The brand is courting guests with a high-low strategy as spending patterns tighten.

Red Robin isn’t alone in diagnosing where things turned south over the summer. Heading out of its sixth calendar period and into the seventh, CEO Paul Murphy decided to take a page from the fast-food playbook. Murphy, the former executive chairman of Noodles & Company and top executive at Del Taco and Einstein Noah Restaurant Group, knew this particular chapter well.

Consumer confidence has walked a rocky line of late thanks to inflation and the spectre of a recession. The full-service industry as a whole saw overall visits decline 4 percent in June, per mobile location analytics platform Revenue Management Solutions found near-mirror data at negative 4.3 percent.
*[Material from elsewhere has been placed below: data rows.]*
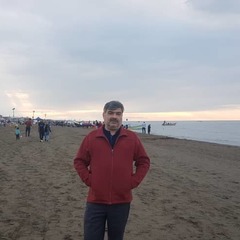 kamran yeganegi's profile picture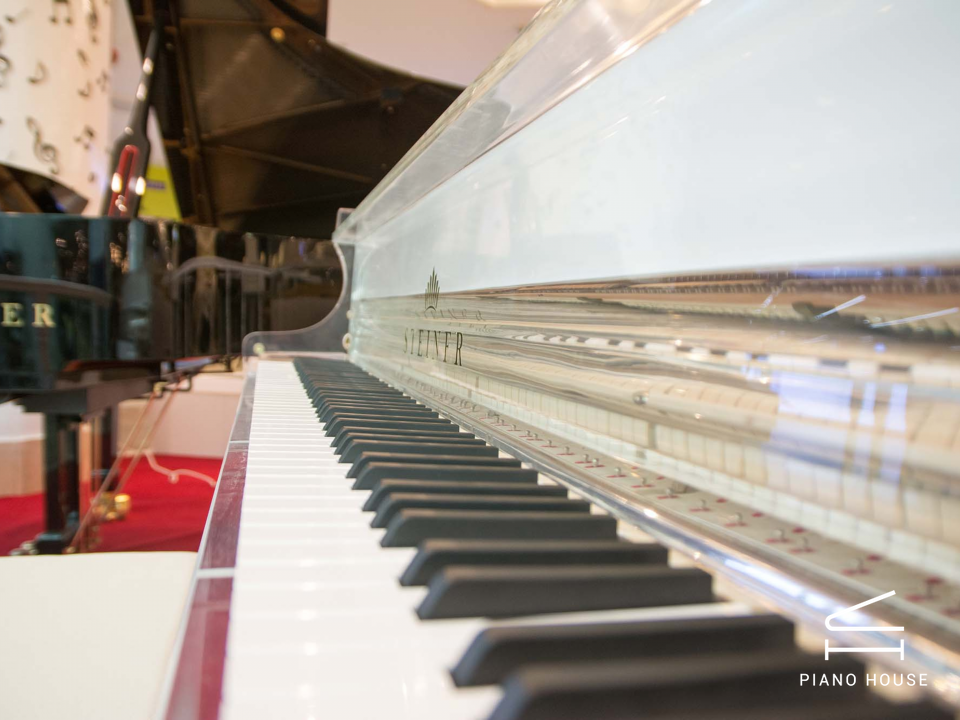 Steiner Crystal GP-168A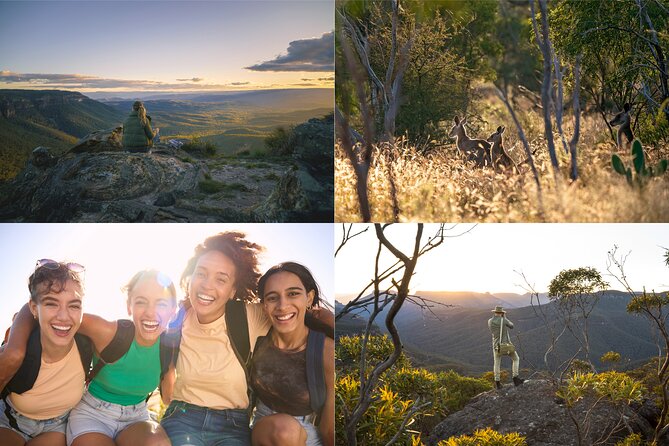 Blue Mountains Sunset Tour with Kangaroo Sightings from Sydney - Blue Mountains National Park Entry: What You’re Seeing (and Why It’s Special)
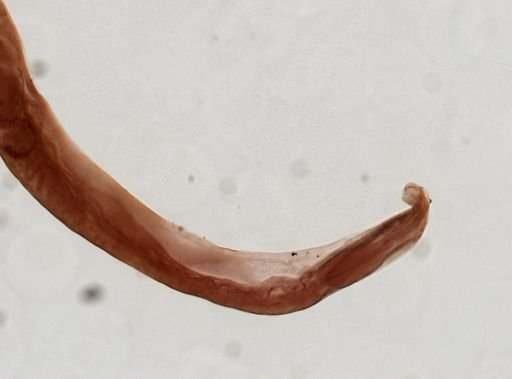 Necator americanus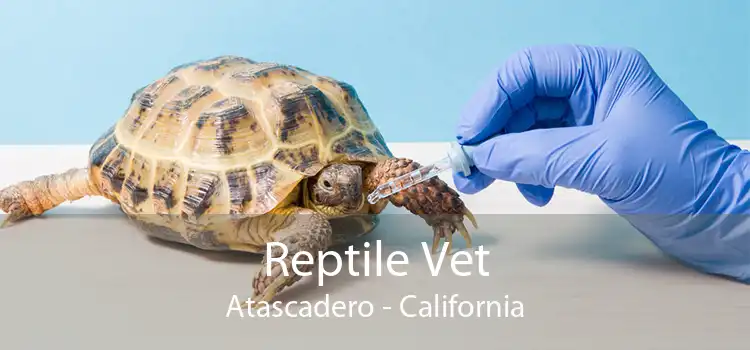 Reptile Vet Atascadero - California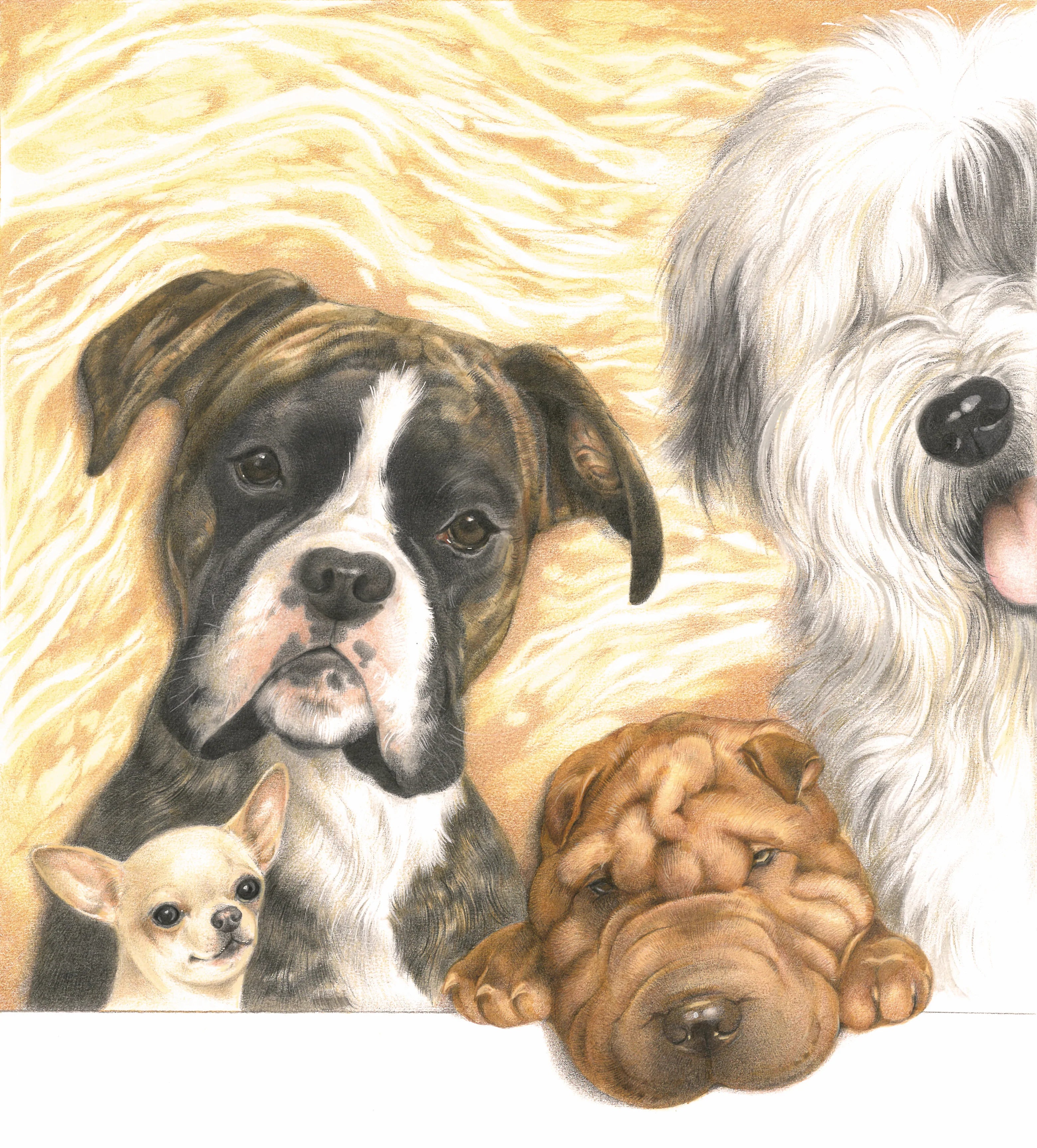 Vierkante kaart - Hondencollage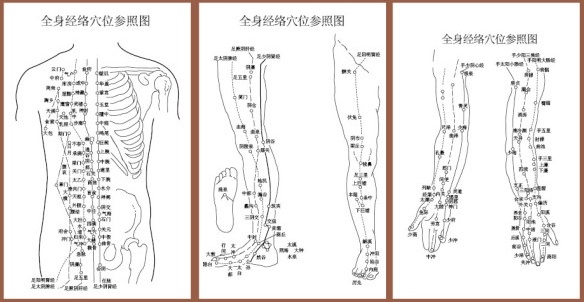 acupuncture meridian points with reference to the body map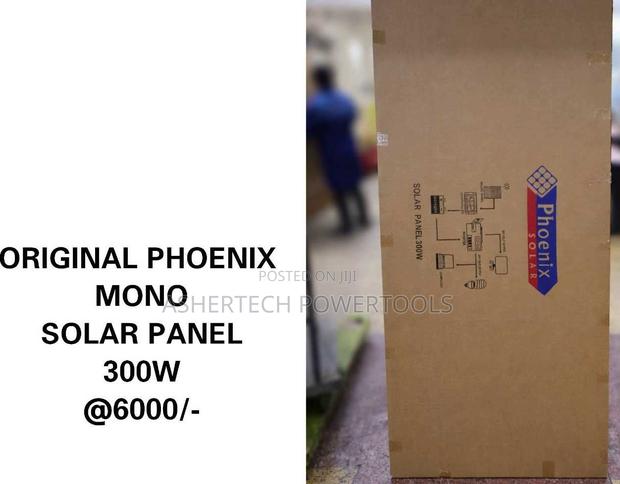 Phoenix Solar Panel 300w
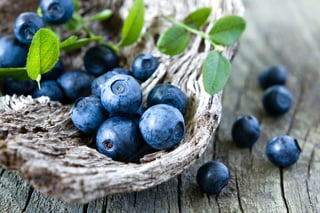 blueberries_for_diabetes.jpg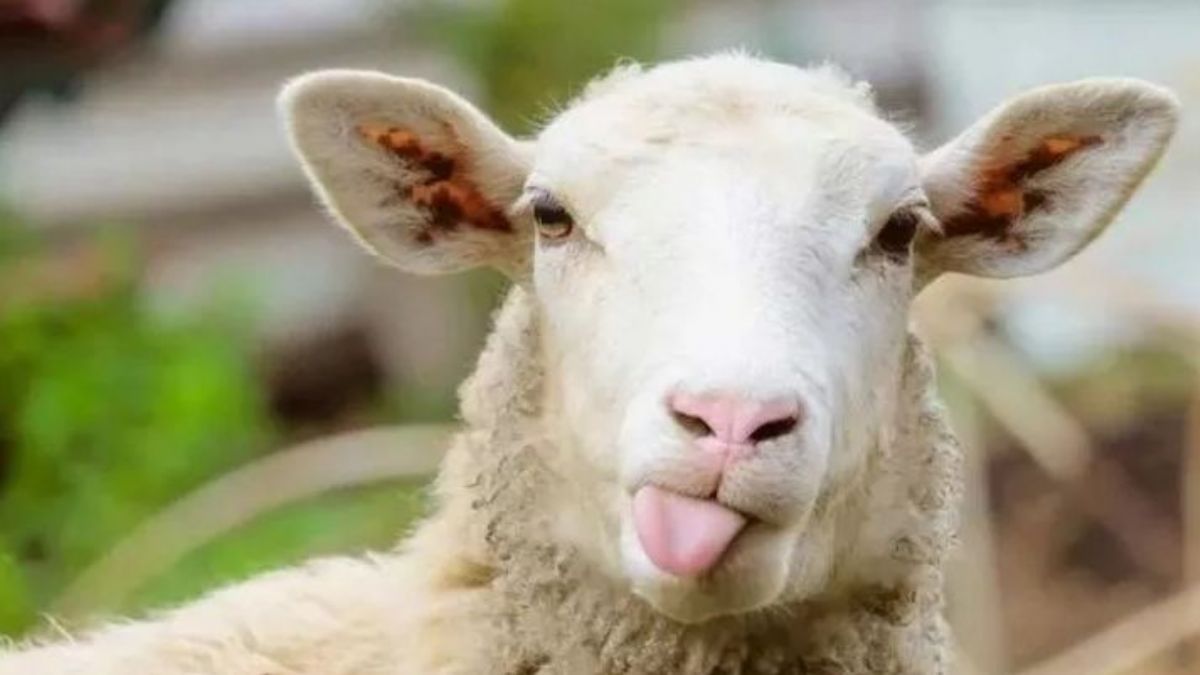 2022 Kurban bayramına kaç gün kaldı? Kurban bayramı ne zaman?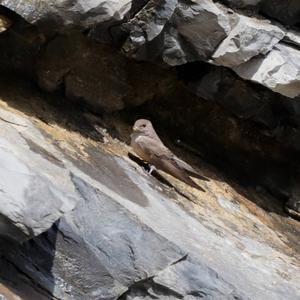 Eurasian Crag-martin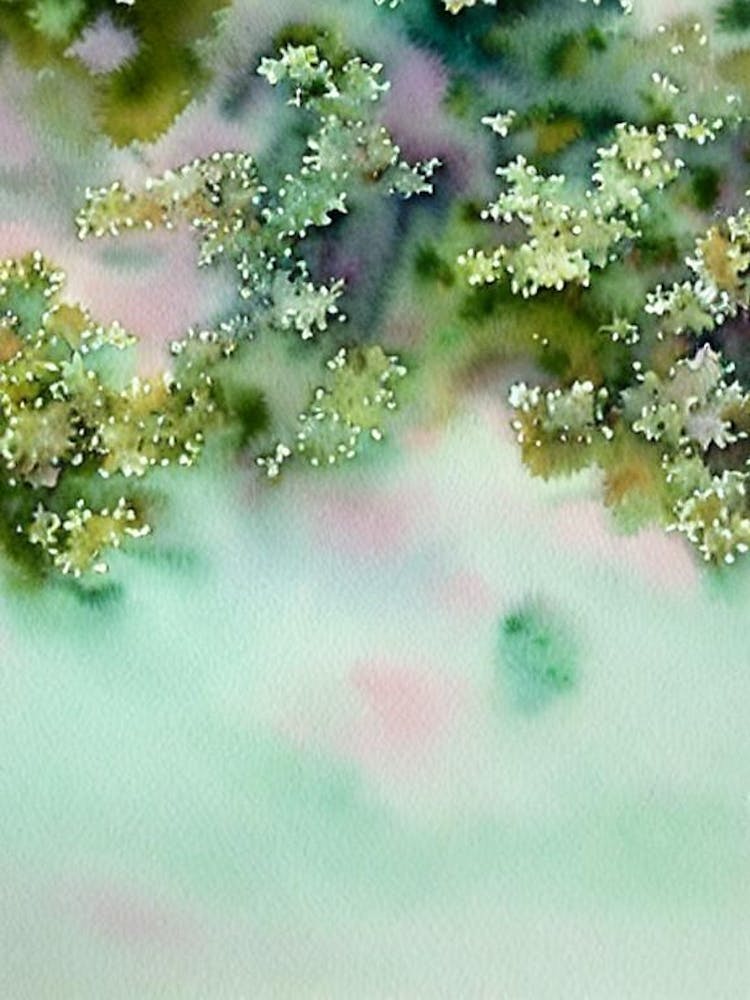 Acropora Formosa Iii Storybook Watercolour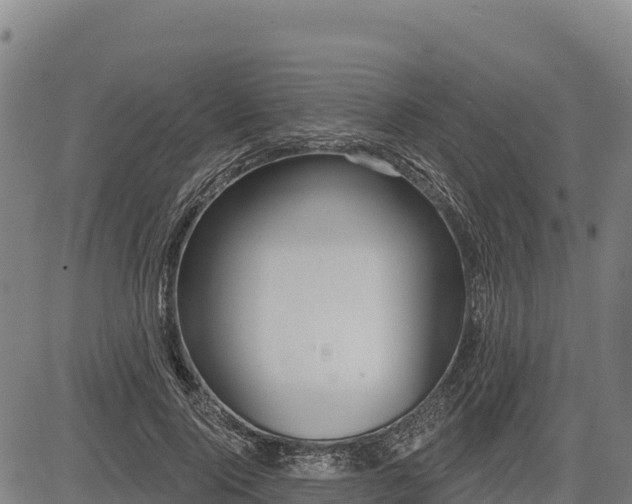 X0000083630740200702201341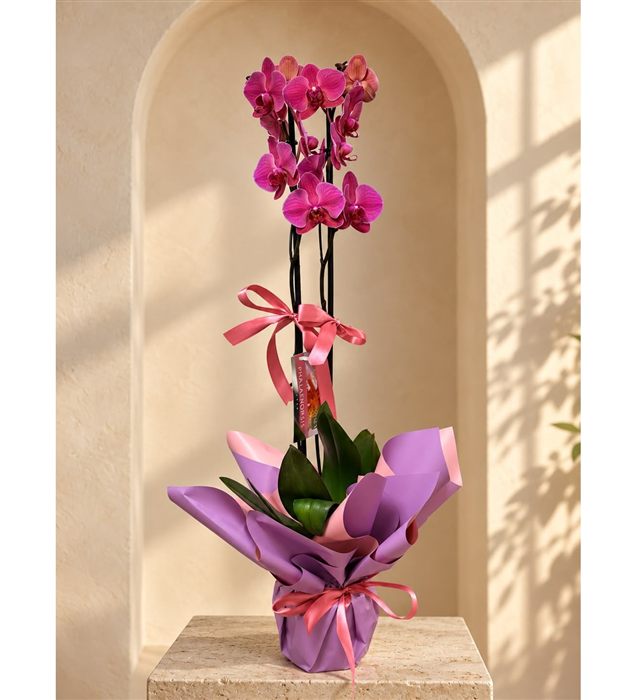Phalaenopsis Orkide / Ateş  Çift Dal Orkide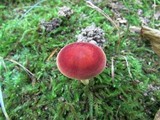 Phylloporus rhodoxanthus image
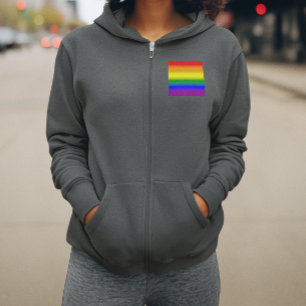 Moletom Bandeira do Orgulho LGBTQ+ Arco-íris Gradiente - B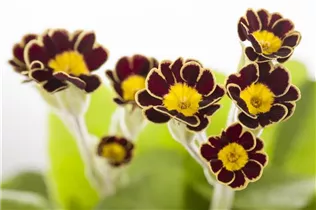  - Primula elatior 'Victoriana Gold Lace Black'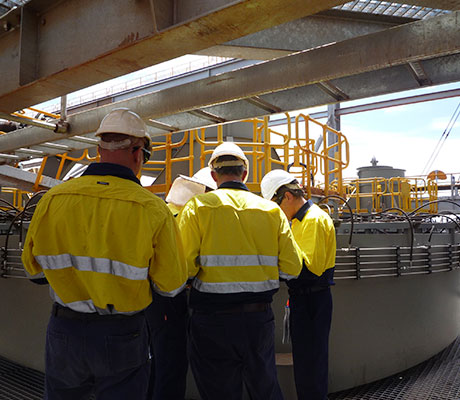 Employees examining a plant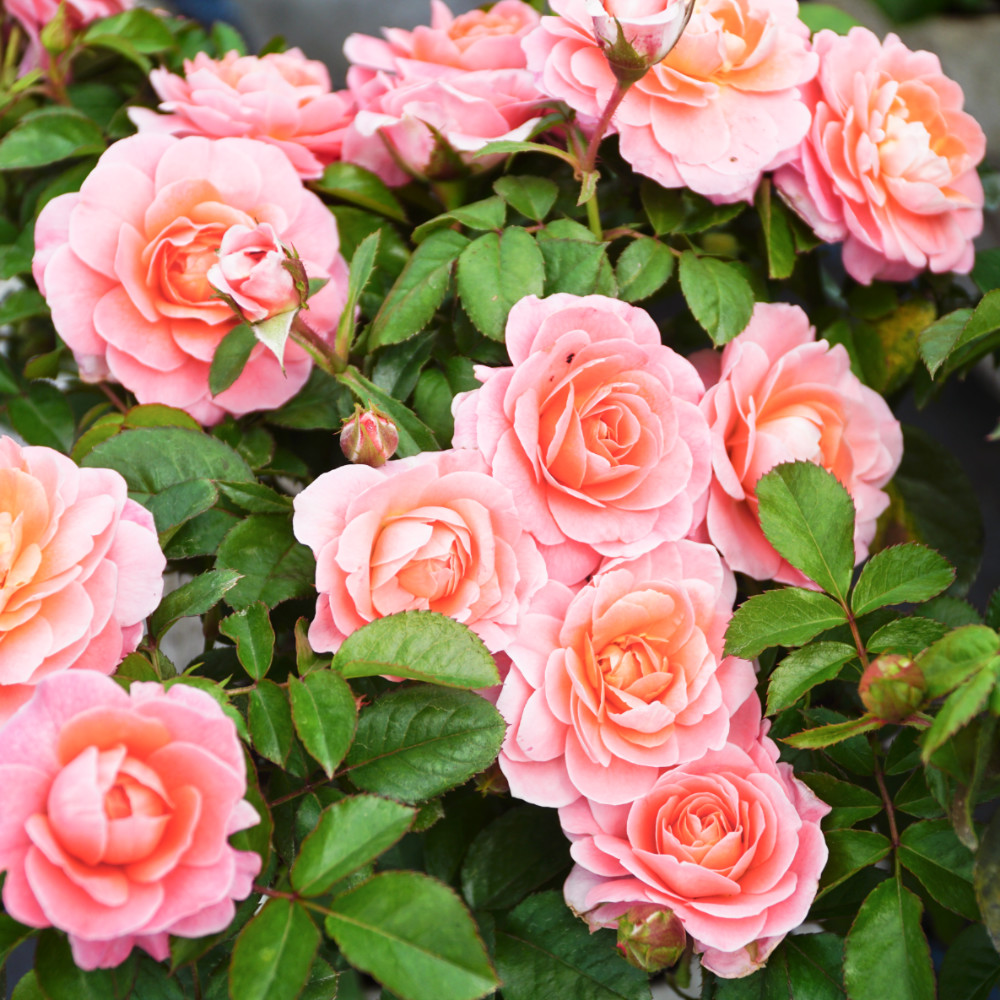 月季芳香王阳台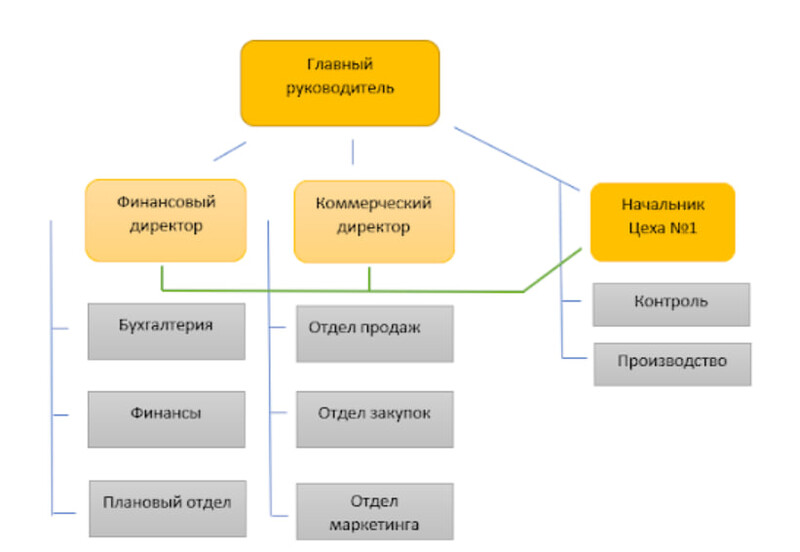  Организационная структура организации: линейно-функциональная схема
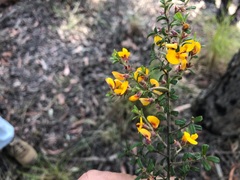 Pultenaea scabra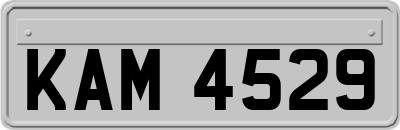 KAM4529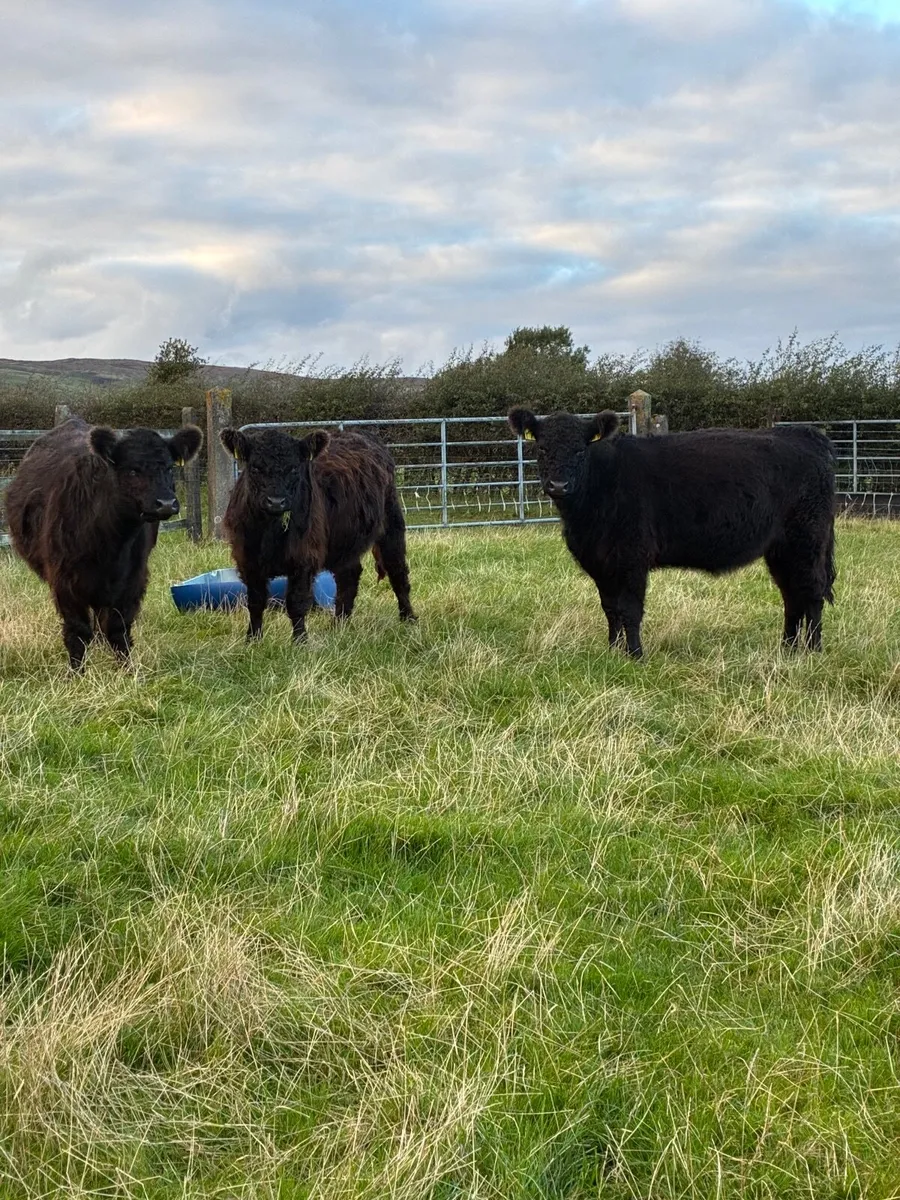Pedigree Black Galloway Heifers - Image 3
Red Robin’s LTOs were performing and driving check. Its Q2 same-store sales lifted 6.7 percent, year-over-year (4.1 percent versus 2019), but 9.6 percent of that came from check. Guest traffic declined 2.9 percent. Check comprised of a 6 percent lift in pricing, 3.7 percent menu mix, and a 0.1 percent decrease from higher discounts.

So even as LTOs pushed spend higher to cover traffic losses, Murphy, who is retiring as former Texas Roadhouse CEO GJ Hart takes over on September 6, recognized the ceiling ahead. “Frankly, [we had to] address the value part because we thought that consumers were feeling pinched from the inflation,” he said.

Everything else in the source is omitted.